2002年1月11日から2011年8月19日までマネックスメールに連載した マネックス・ユニバーシティ代表取締役(※連載当時)内藤忍の資産設計コラム。(現在は更新しておりません)
円高が進んでいます。今年135円まで進んだ円安はその後円高に転じ、現在(28日午後4時)1ドル=119円半ばで推移しています。
外貨MMFや外国投信などに投資をしていると評価損益の数字が気になりますね(私もとても気になります)。ポートフォリオ概況のニコちゃんマークが減っていくのは寂しいものです。
しかし、ここで慌てて行動する前に、落ち着いて外貨投資の目的をもう一度確認してどう対応するか冷静に考えましょう。資産設計は長期勝負です。
● 外貨資産を持つ理由
そもそも基本的に毎日の生活を円で行っている我々にとって外貨資産を持つ主な理由は次の2つではないかと考えます。
1.分散投資
2.円安リスクの回避
分散投資とは独立した動きをする資産を組み合わせることによって資産全体のリスクを小さくすること。株式と債券(あるいは預金、投資信託)の資産配分を行うように、国内海外の資産をバランス良く持つことで資産全体の変動を抑えることが可能になります。(具体的な配分方法はマネープランナーを使って調べてみて下さい。)

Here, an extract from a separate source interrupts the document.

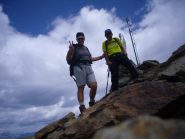 autoscatto in vetta ,noi e la Madonnina...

もう一つは、円安リスクの回避です。円安円高というのはあくまで相対的なものではありますが、円安になったとき外貨資産を持っていないと現在の生活水準が維持できないリスクが発生するのです。
● 外貨投資するのがリスクではなく、しないのがリスク
というのは日本で生活していても、輸入品なしでは生活できないからです。ガソリンやワイン、ブランド品など(それ以外にも様々なものが輸入されています)は円安になると円での価格が上昇します。輸入インフレと呼ばれるものです。外貨を保有しないで円安になった場合、これら輸入品の値段が上がることに対応することができなくなる恐れがあります。(為替レートと実際の価格の変動にはタイムラグがありますが)
つまり外貨投資をすることがリスクなのではなく、しないことがリスクになってしまうのです。
● 円高は外貨投資のチャンス
逆に、外貨の資産全体に占める割合がまだ少ない人にとっては、円高は新たな外貨資産構築のチャンス、です。円が強い時に相対的に有利な為替レートで外貨の比率を上げることができるからです。
自分がどの位の外貨資産を持ったら良いかを知るには、マネープランナーなどを参考にしてみてください。この手の質問には正解があるわけではありませんが、大まかなイメージをつかみましょう。(私の場合資産の26%を外貨に配分という結果になりました。まだ投資していきます。)
資産全体でのバランスを常に考えることが大切です。
● さらに円高になると思ったら・・・
これからもずっと円高になると予想するのであれば、資産を円で保有するべきでしょう。でも、将来の為替レートの予想は果たして可能なのでしょうか。将来の相場の予測に基づいて行動したらどのような結果が待っているのでしょうか。1ドル80円を超える円高になった時は1ドル50円になると予想する経済評論家もいましたね。
不確定なものに対して予想をして投資判断をするより、予想に関係なく長期的な資産設計の見通しに基づいて続けていくべき、というのが私の考えです。円高になっても円安になっても慌てないようにもう一度自分の資産を見直してみることをおすすめします。